Willy Schraen a répondu dans Valeurs Actuelles, car il savait qu’il devait bien dire quelque chose et que la plus importante des choses qu’il pouvait raconter, c’est que la mort d’une femme tuée par des chiens dans la forêt de Retz dans l’Aisne ne serait, finalement, qu’un fait-divers. La chasse est toujours un dispositif réactionnaire et l’affaire ne change rien : voilà en substance ce qu’il raconte.

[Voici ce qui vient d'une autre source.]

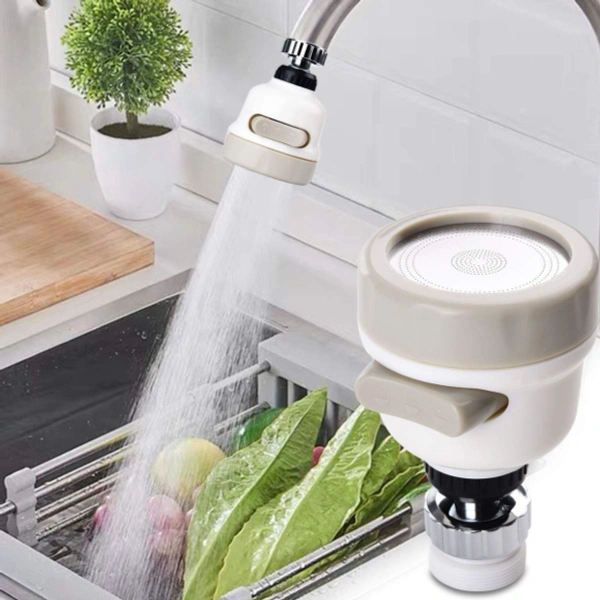 360 Degree Rotating Water Sprinkler Faucet - Total height 8.5cm(3.35in), total width 5.5cm(2.17in), base inner diameter 2.2cm(0.87in), base outer diameter 2.4cm(0.94in), Chrome, ABS plastic, stainless steel and silicone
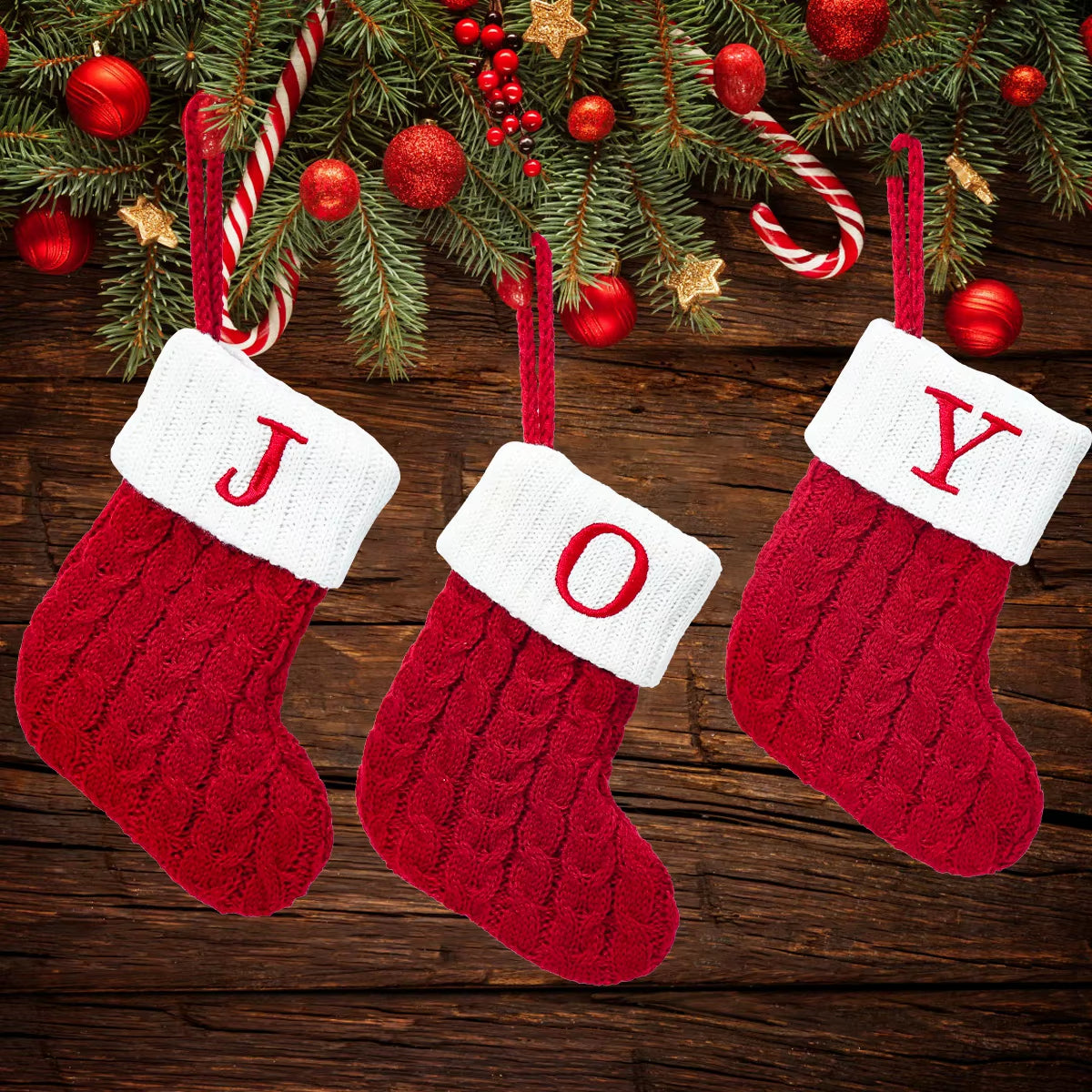 Christmas Alphabet Knitting Sock Christmas Tree Ornament Christmas Decoration for Home 2024 Navidad Noel Xmas New Year 2025 Gift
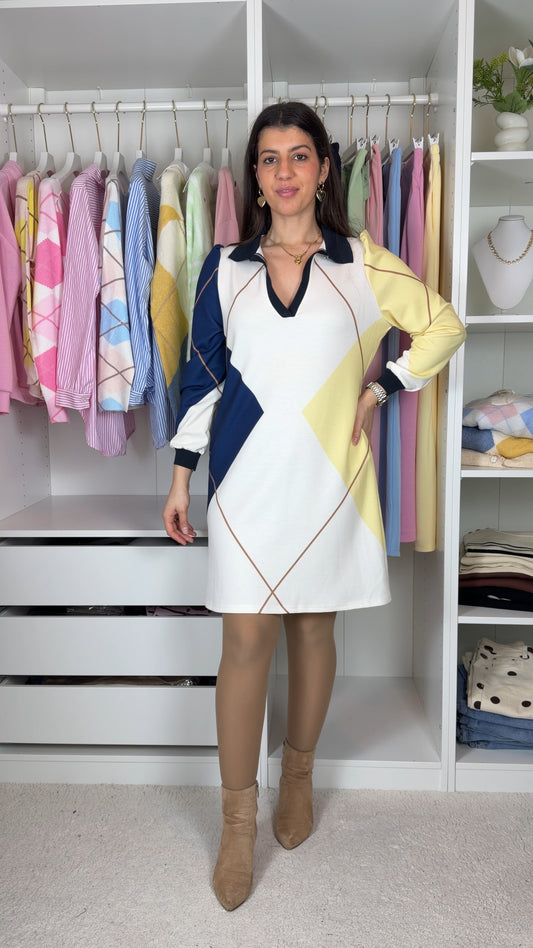 Vestido com losangos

Willy Schraen n’hésite pas à mouiller le Président de la République lui-même. À la question « Pensez-vous que cette polémique peut mettre en péril la chasse à courre ? Le Président Macron reste t-il l’ami des chasseurs ? », il répond :
« J’ai rencontré hier Emmanuelle Wargon, la secrétaire d’Etat auprès de la ministre de la Transition écologique, qui m’a assuré de son soutien. Elle est parfaitement consciente que cette polémique est injustifiée. Quant au président Macron, nos rapports sont excellents. Nous bénéficions toujours de son écoute. La réforme de la chasse avance même si nous ne sommes pas d’accord sur tout ! Dans l’immédiat, nous voulons faire stopper les violences verbales et physiques, que ce soit de la part de Brigitte Bardot, Rémi Gaillard, de groupuscules ou tant d’autres associations. Je vous le dis : nous allons lancer une série de procédures judiciaires pour que cela cesse. »

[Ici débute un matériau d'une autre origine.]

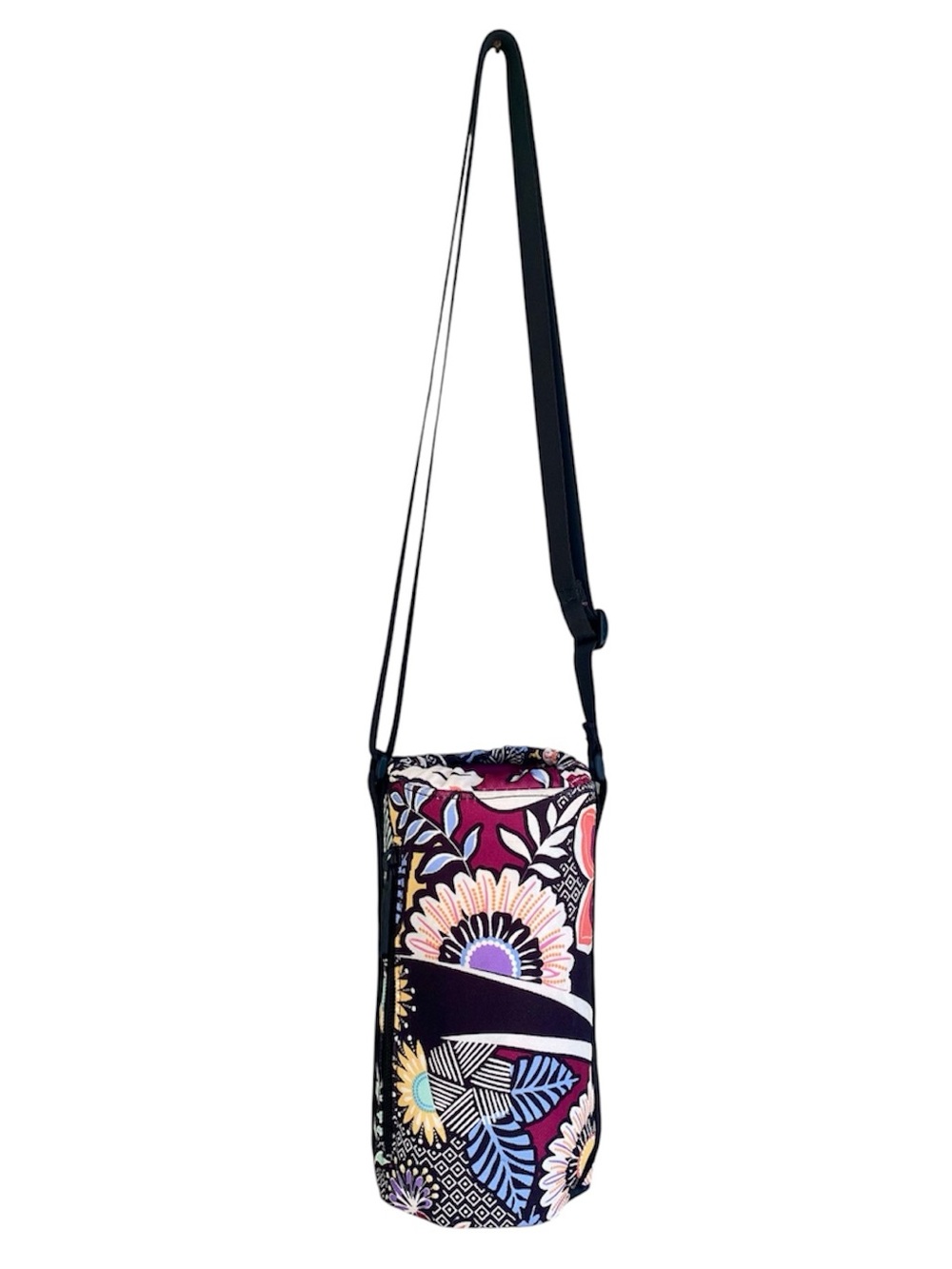 VERA BRADY Crossbody Water Bottle Sling Bag Black Pink Blue Floral NWOT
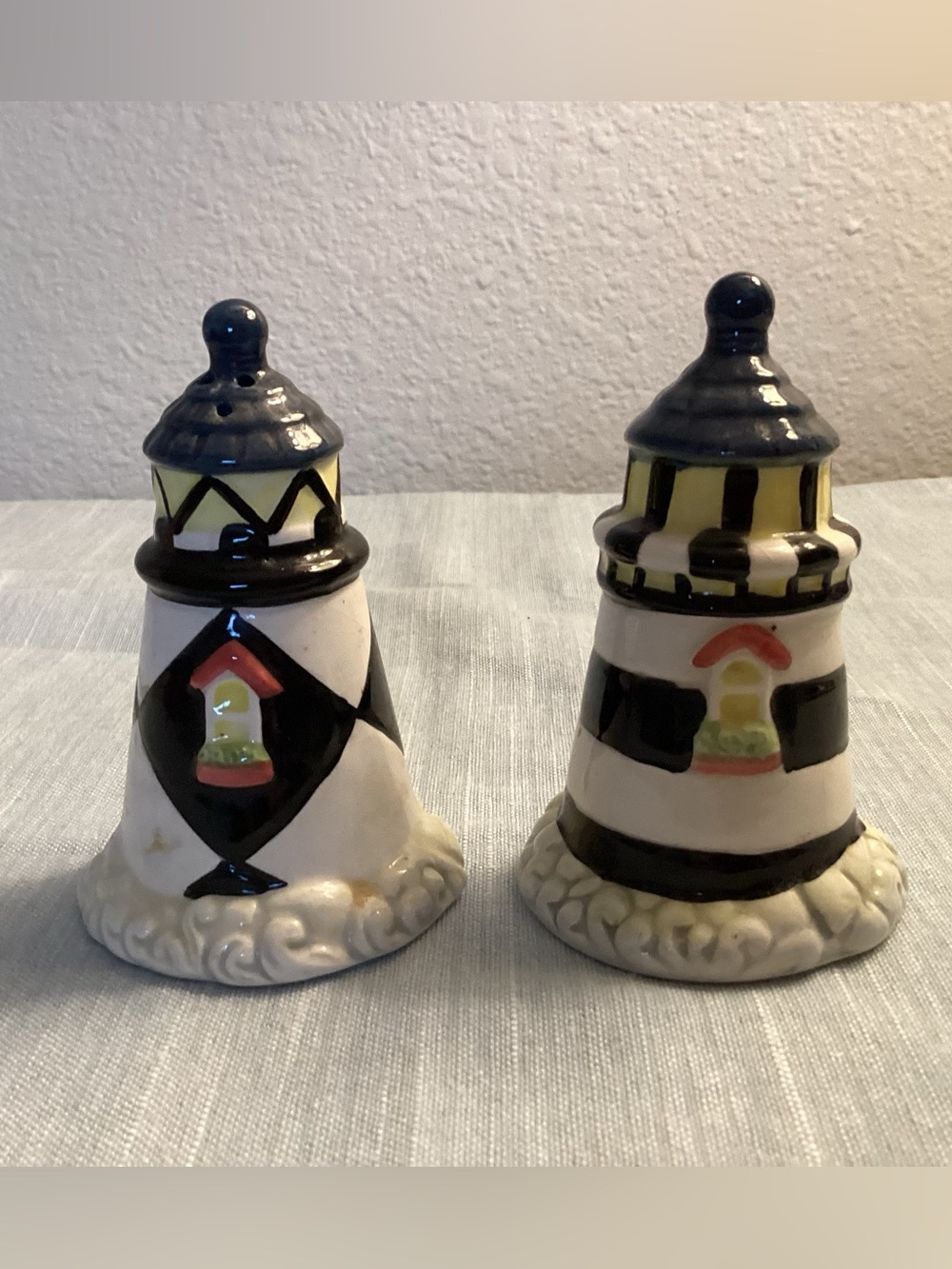 Cracker Barrel Black, White & Yellow Ceramic Lighthouse Shakers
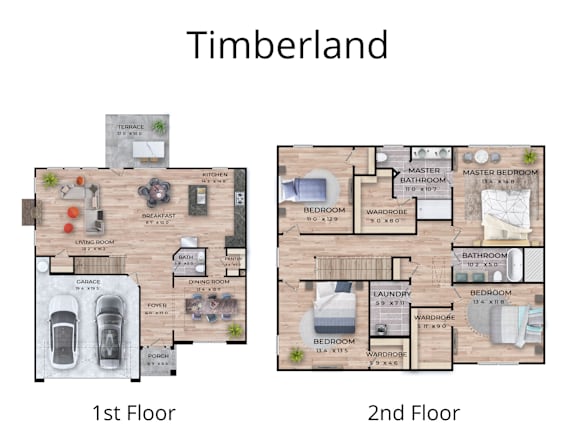 A diagram of a Timberland floor plan with two bedrooms and two bathrooms.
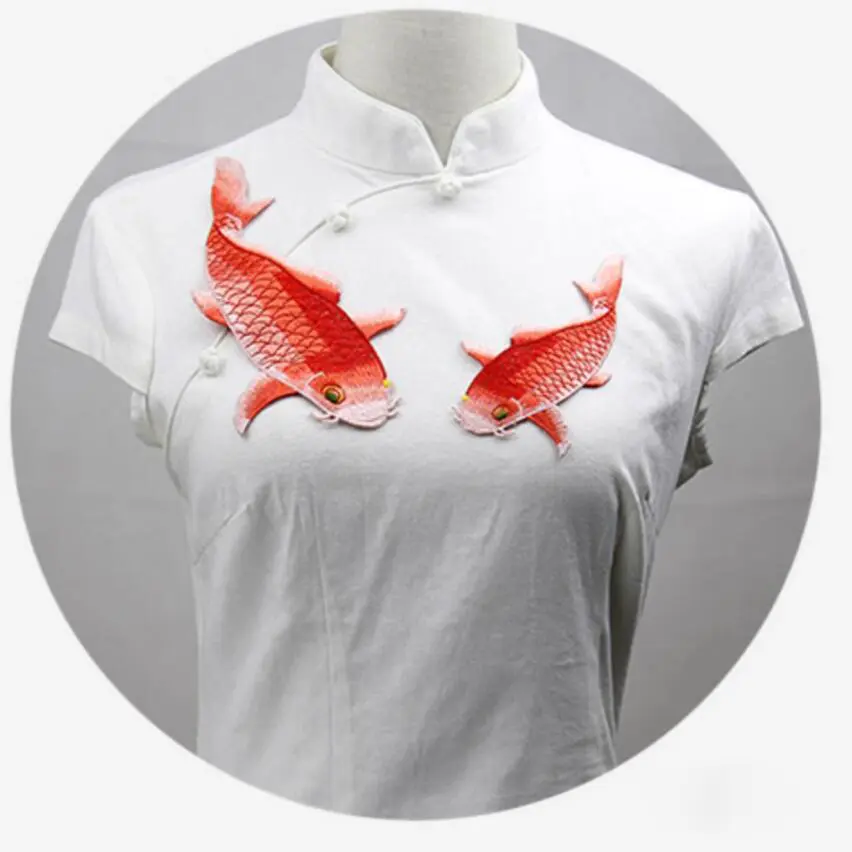 5Pcs Red Fish Embroidered Patches Chinese Style DIY Sewing Patch Embroidery Applique Repair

C’est là de la politique très fine. Peu importe ce qui arrive, dit Willy Schraen, ce qui compte c’est qu’il y ait deux camps. La chasse est un vecteur offensif de la réaction et elle va le rester.

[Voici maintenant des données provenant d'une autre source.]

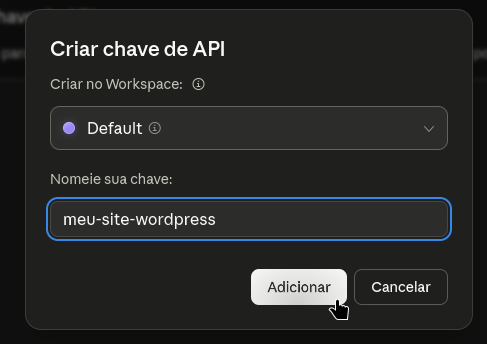 Popup de adicionar nova chave - Claude Console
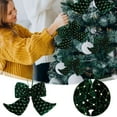 thumbnail image 2 of 11.8" Green Velvet Christmas Bows - Polyester Wreath Bows with Twist Ties for Xmas Tree, Gift Wrapping, Holiday Decor, Festive Home & Party Decoration, 2 of 9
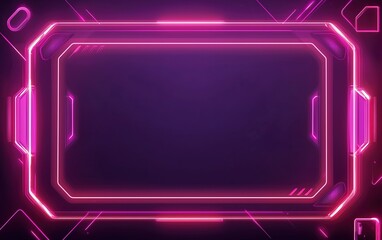 Poster - A digital neon frame with glowing pink lights, ideal for creative electronic displays or artistic projects in modern design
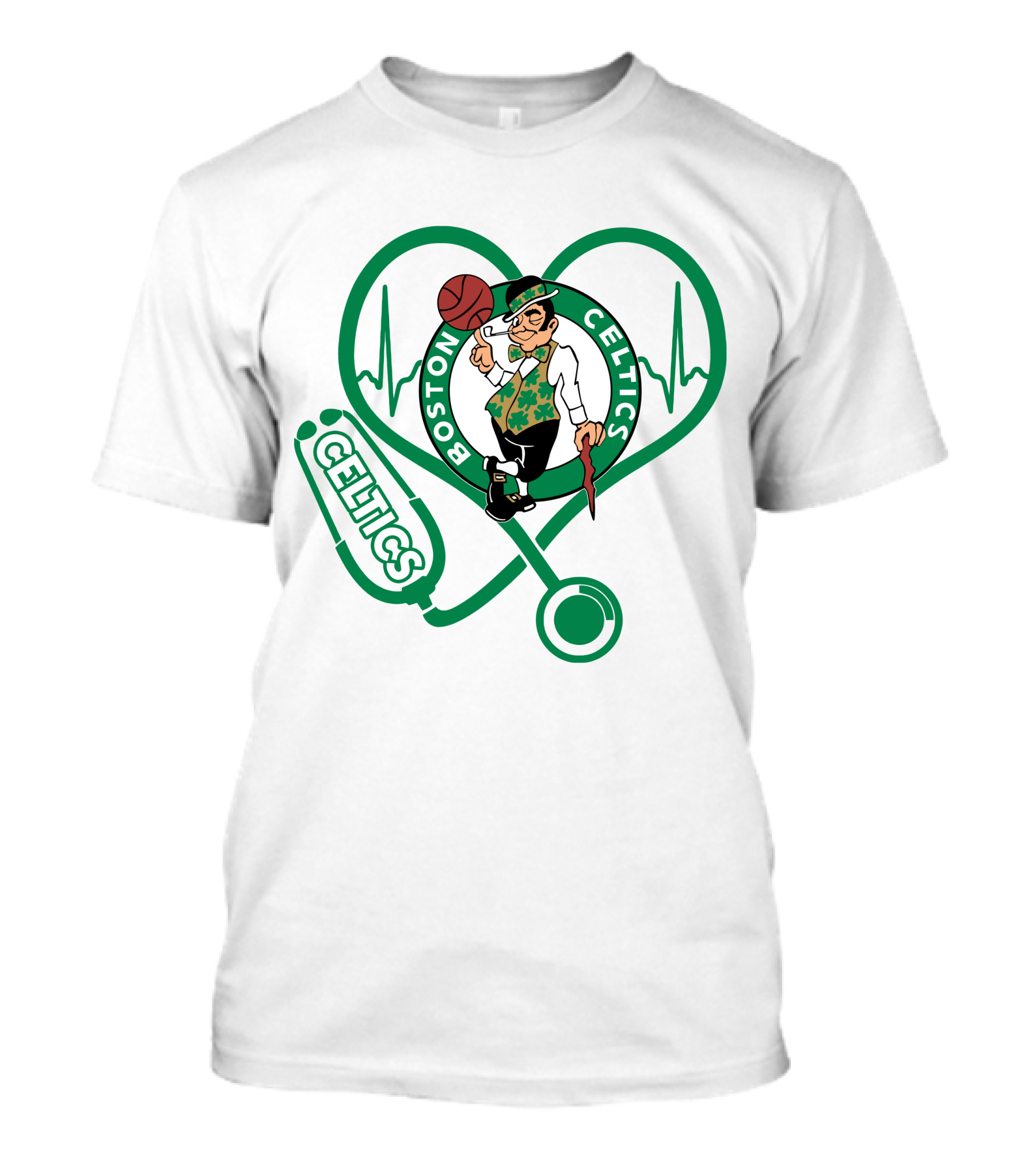 Nurse Love Boston Celtics Heart Stethoscope T-Shirt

C’est tellement subtile que la question et la réponse ici citées ferment l’interview. C’est tellement subtile qu’au tout début, Willy Schraen souligne la chose suivante, pour mettre directement l’accent sur le poids de la chasse à courre :
« Il y a 18 000 chasses à courre par an en France. »
Ce nombre est très important, non pas eu égard la population française, mais par rapport à la haute bourgeoisie. Cela veut dire que cette dernière considère la chasse à courre comme une de ses valeurs. C’est donc intouchable.
Pour être le plus clair possible ici, prenons les propos de Pierre de Boisguilbert, ancien responsable de la Société de Vènerie. Parlant du fait qu’une personne soit tuée par des chiens de chasse à courre, il affirme :
« En cinq siècles ça n’est jamais arrivé. »
En réalité, on n’en sait rien du tout. Il y a une quantité effroyable de « faits-divers » liés à la chasse à courre, avec des animaux blessés ou tués chez les gens, des gens blessés même. Tués peut-être, qui sait, en cinq cent ans. Mais cela est totalement effacé des tablettes en raison de l’hégémonie réactionnaire. La chasse à courre est comme hors-sol de par l’importance sociale de ses participants. On est ici dans l’arrière-cour de la haute bourgeoisie.
L’enquête sur l’affaire de la forêt de Retz a dû même être confiée à un service d’Amiens, car participait à la chasse à courre possiblement incriminée un lieutenant-colonel de gendarmerie. La fonction de ce militaire décoré (médaillé de la Défense Nationale Or agrafe Gendarmerie, Chevalier de l’ordre national du mérite, titulaire de la médaille de la protection du Territoire National agrafe Harpie), c’est… de diriger la gendarmerie de toute l’Aisne.
On voit ici la puissance des notables. L’armée et la haute bourgeoisie forment ici des bastions imprenables, à moins de les briser. Cette affaire de la forêt de Retz a des proportions concrètement immenses de par les forces concernées par l’enquête.